Drinking Water Source Assessment Program Plan Adobe Acrobat Reader Symbol

The online Source Assessment Reports consist of three parts. Part 1 is a table for each town showing the vulnerability determinations for the source(s) serving public water system(s) based in that particular town. Part 2 is an explanation of how the assessments were prepared and what they mean. Part 3 allows you to view maps of assessment areas.

Part 1: Viewing an Assessment Table by Town

Part 2: View an Explanation of the Assessments
The following documents provide additional information to help you understand why these assessments were done and the meaning of the susceptibility rankings. Which explanation you should view (non-transient or transient) depends on the type of system with which you are concerned.

The "Explanation for Non-transient Systems" provides information for understanding systems that serve towns, apartment complexes, mobile home parks, schools, day care centers, or other facilities where people are generally exposed to the water day after day.

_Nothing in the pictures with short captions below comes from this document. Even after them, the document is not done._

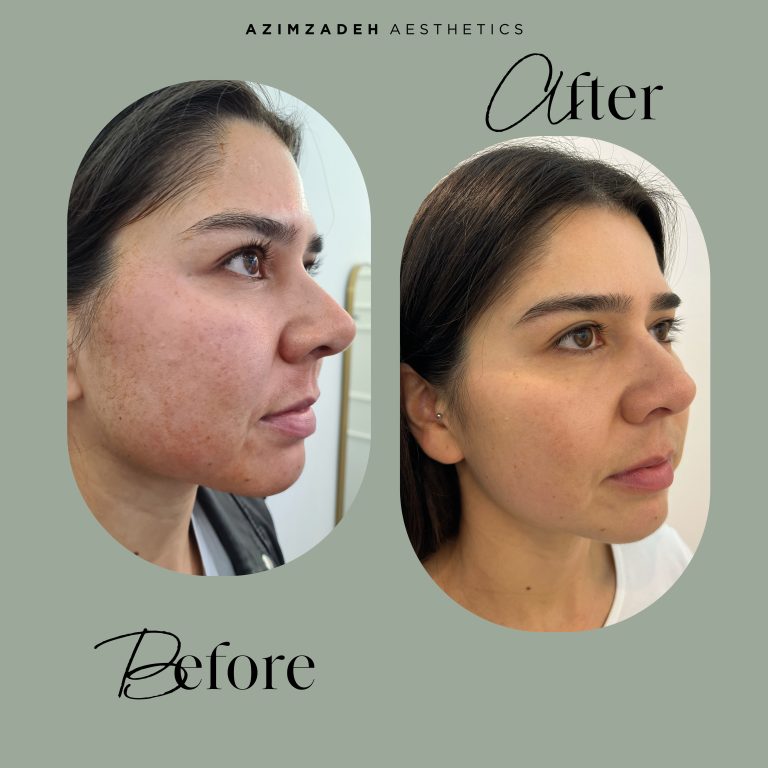skin patient before after azimzadeh aesthetics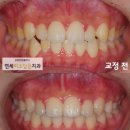 연세미소담은치과 이미지
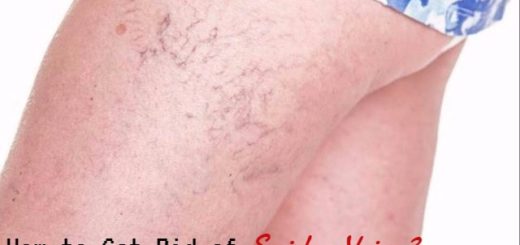 Spider Veins Home Remedies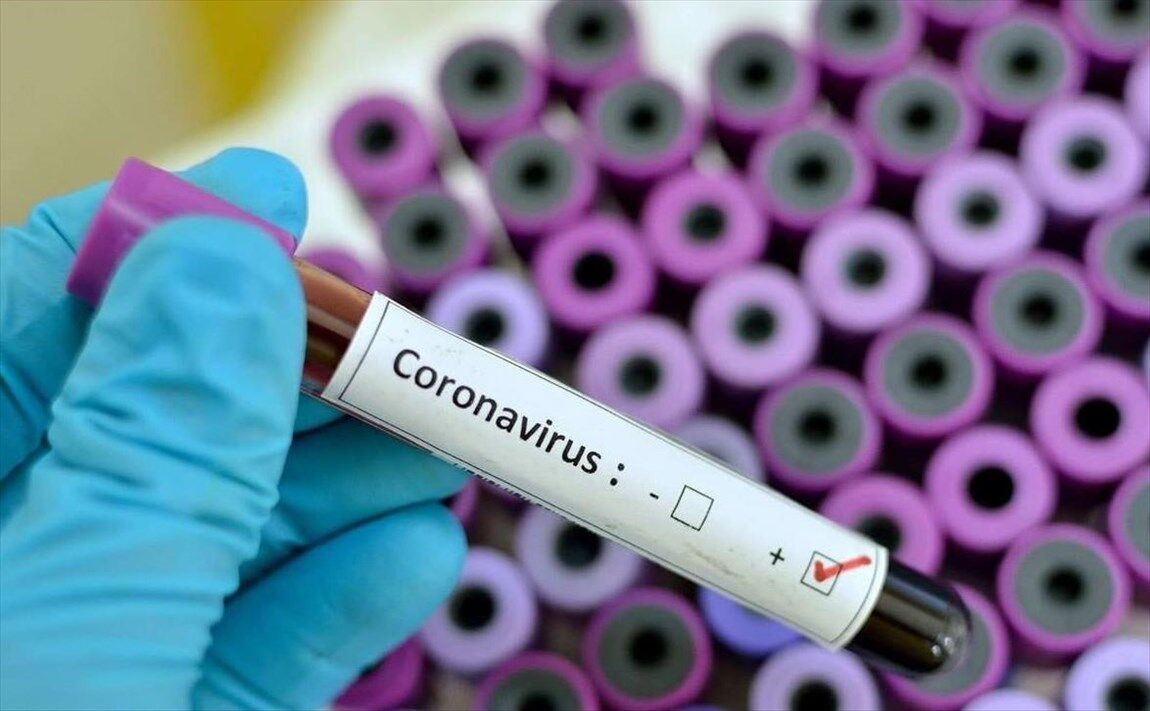 شناسایی ۹ مورد جدید ابتلا به کروناویروس در فارس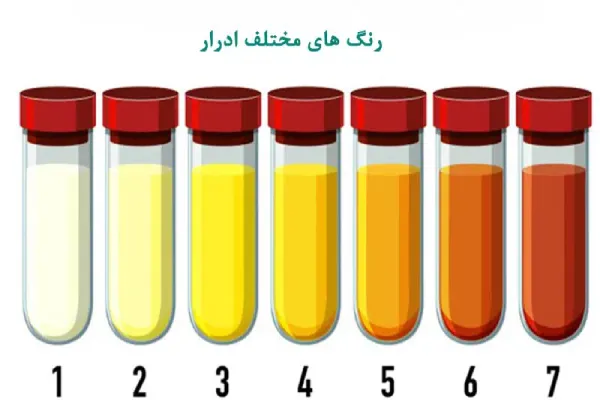 رنگهای مختلف ادرار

The "Explanation of Transient Systems" applies to systems that serve restaurants, campgrounds, or other facilities where people are generally exposed to the water for brief, often one-time, encounters.

If you are unsure which explanation (transient or non-transient) applies to the system with which you are concerned, please view the town report for that system in Part 1 and find the field marked "System Type." Type "C" and "P" systems are non-transient and type "N" systems are transient.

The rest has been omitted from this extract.